Much of machine learning and data mining has been so far concentrating on analyzing data already collected, rather than collecting data. While experimental design is a well-developed discipline of statistics, data collection practitioners often neglect to apply its principled methods. As a result, data collected and made available to data analysts, in charge of explaining them and building predictive models, are not always of good quality and are plagued by experimental artifacts. In reaction to this situation, some researchers in machine learning and data mining have started to become interested in experimental design to close the gap between data acquisition or experimentation and model building. This has given rise of the discipline of active learning. In parallel, researchers in causal studies have started raising the awareness of the differences between passive observations, active sampling, and interventions. In this domain, only interventions qualify as true experiments capable of unravelling cause-effect relationships.

In this challenge, which follows on from two very successful earlier challenges (“Causation and Prediction”, and “Competition Pot-luck”) sponsored by PASCAL, we evaluated methods of experimental design, which involve the data analyst in the process of data collection. From our perspective, to build good models, we need good data. However, collecting good data comes at a price. Interventions are usually expensive to perform and sometimes unethical or impossible, while observational data are available in abundance at a low cost. For instance, in policy-making, one may want to predict the effect on a population’s health status of forbidding the use of cell phones when driving, before passing a law to that effect. This example illustrates the case of an experiment, which is possible, but expensive, particularly if there turns out to be of no effect. Practitioners must identify strategies for collecting data, which are cost effective and feasible, resulting in the best possible models at the lowest possible price. Hence, both efficiency and efficacy are factors of evaluation considered in this new challenge. Evaluating experimental design methods requires performing actual experiments. Because of the difficulty of experimenting on real systems in the context of our challenge, experimentation were made on realistic simulators of real systems, trained on real data or incorporating real data. The tasks were taken from a variety of domains, including medicine, pharmacology, manufacturing, plant biology, sociology, and marketing. Typical examples of tasks include: to evaluate the therapeutic potential or the toxicity of a drug, to optimize the throughput an industrial manufacturing process, to assess the potential impact of a promotion on sales.

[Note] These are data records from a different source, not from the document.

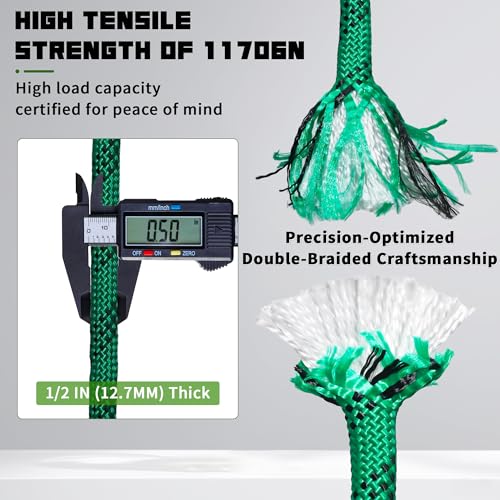 1/2 Inch 100ft Double Braided Polyester Arborist Rope, Heavy Duty Nylon Rope for Anchor, Tree Work, Cargo, Pulling, Sailing (Green) - size: 1/2in x 100ft, style: Green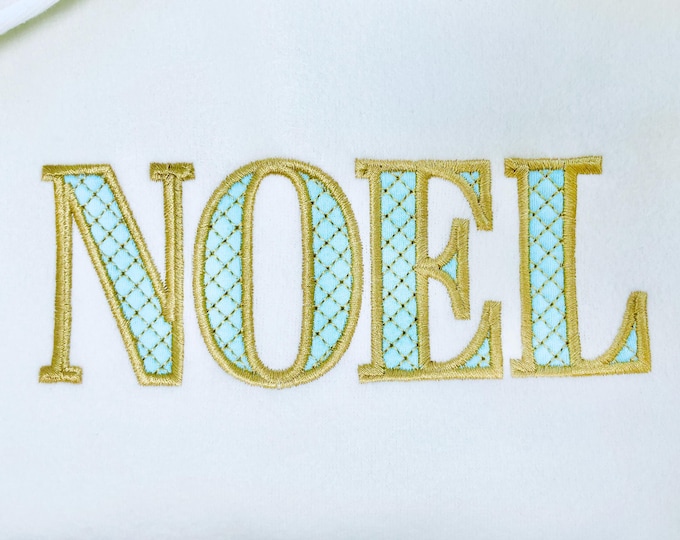 Elegant Font Noel check and outline Block Font Applique Alphabet Monogram machine embroidery designs big sizes 2.9 up to 5.2 inch, BX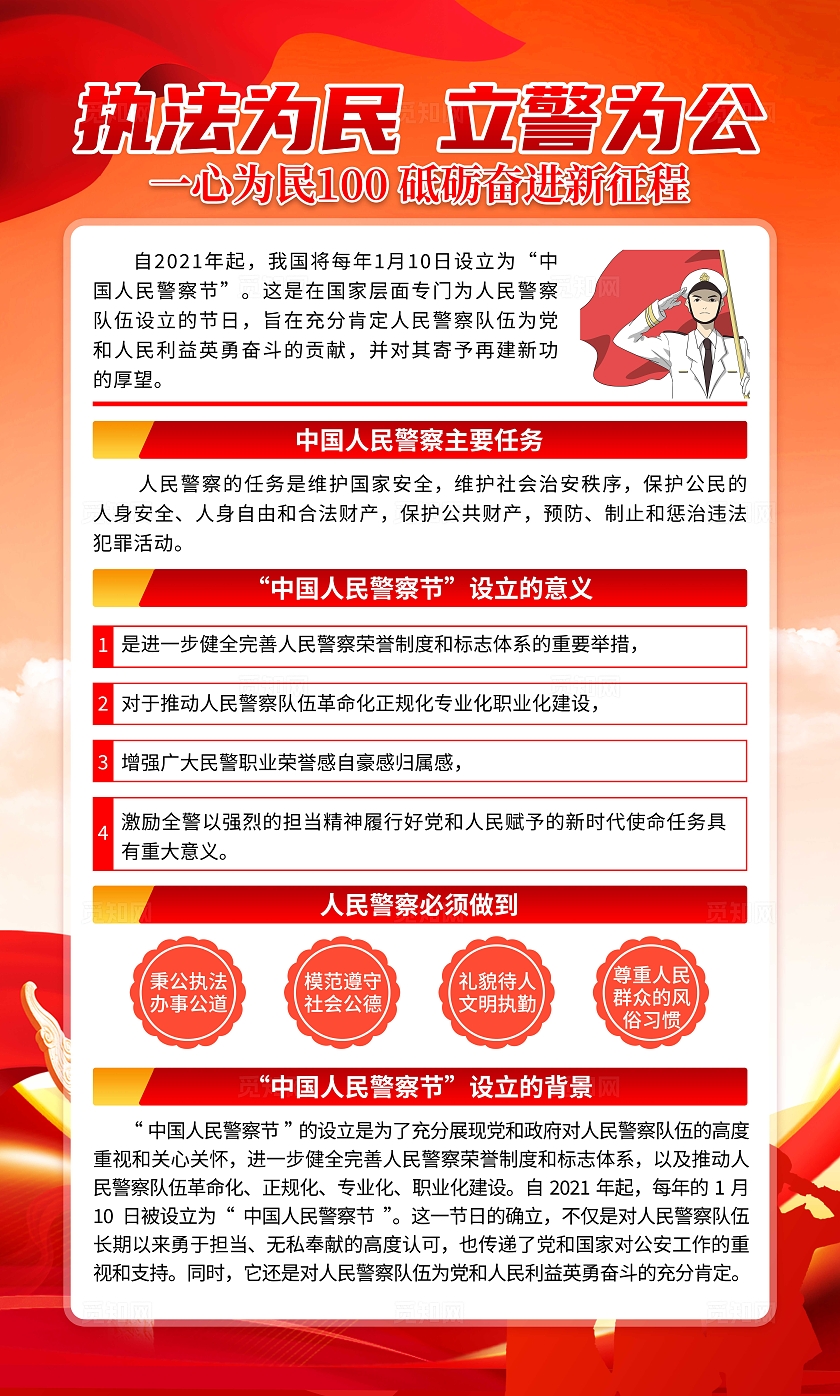 2025年红色大气110中国警察节套图中国人民警察节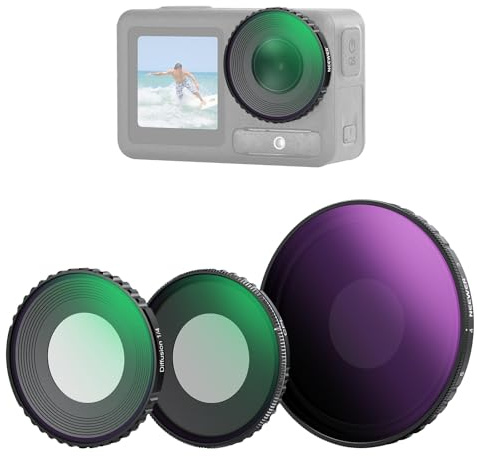NEEWER ND Filter Kit Compatible with DJI Osmo Action 5 Pro/4, Variable ND8-32 (3-5 Stops) + CPL + Black Diffusion 1/4 Screw On Filter Multicoated HD Optical Glass Action Camera Accessories, FL-52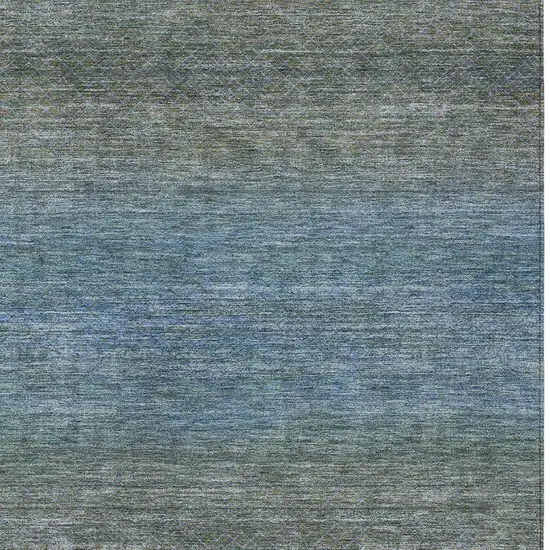 Blue And Taupe Geometric Washable Indoor Outdoor Area Rug Photo 3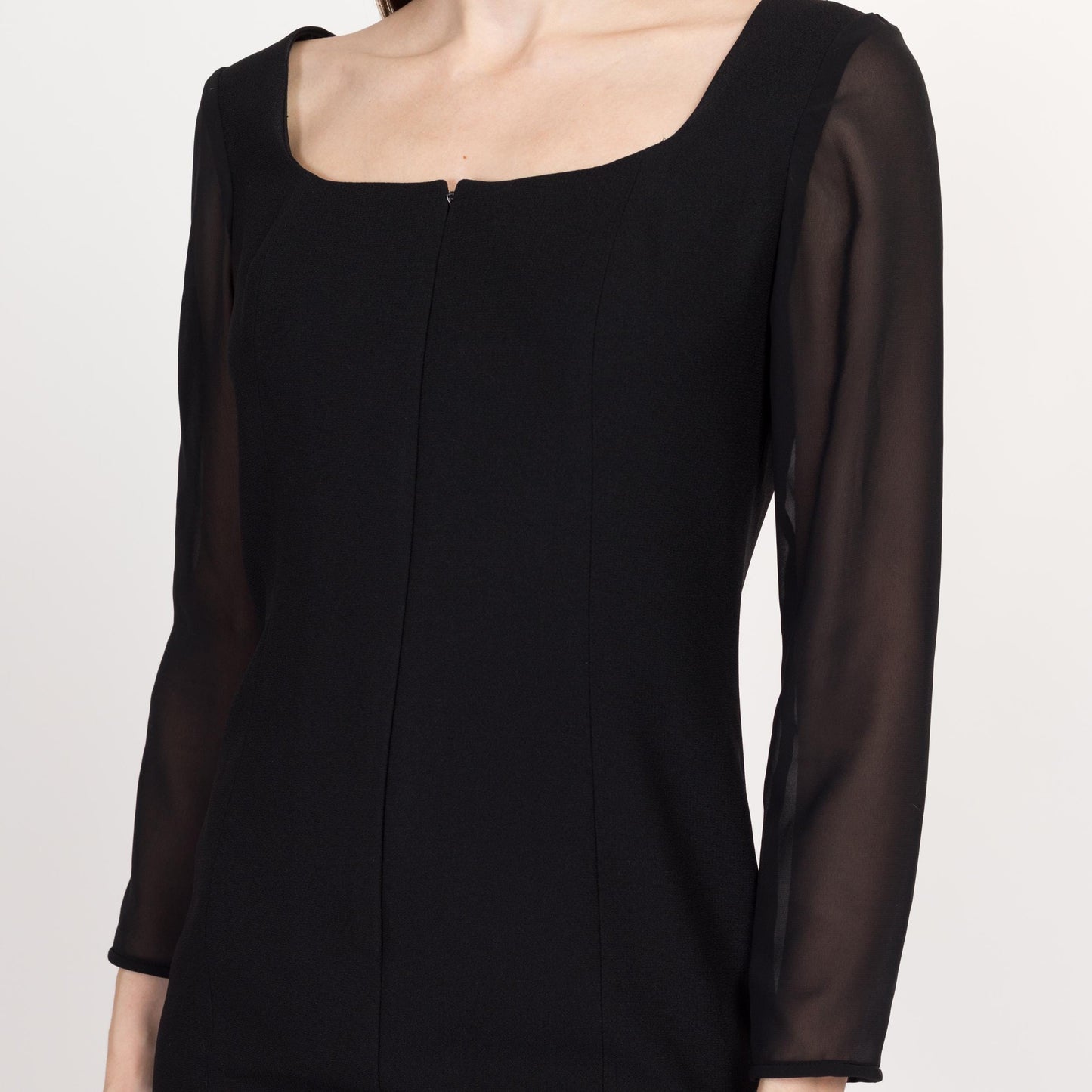 Small 90s Black Sheer Sleeve Mini Cocktail Dress | Vintage Zip Front Long Sleeve Square Neck Dress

The participants carried out virtual experiments by intervening on the system, e.g. by clamping variables to given values. We made use of our recently developed Virtual Laboratory. In this environment, the participants pay a price in virtual cash to perform a given experiment, hence they must optimize their design to reach their goal at the lowest possible cost. This challenge contributed to bringing to light new methods to integrate modeling and experimental design in an iterative process and new methods to combine the use of observational and experimental data in modeling.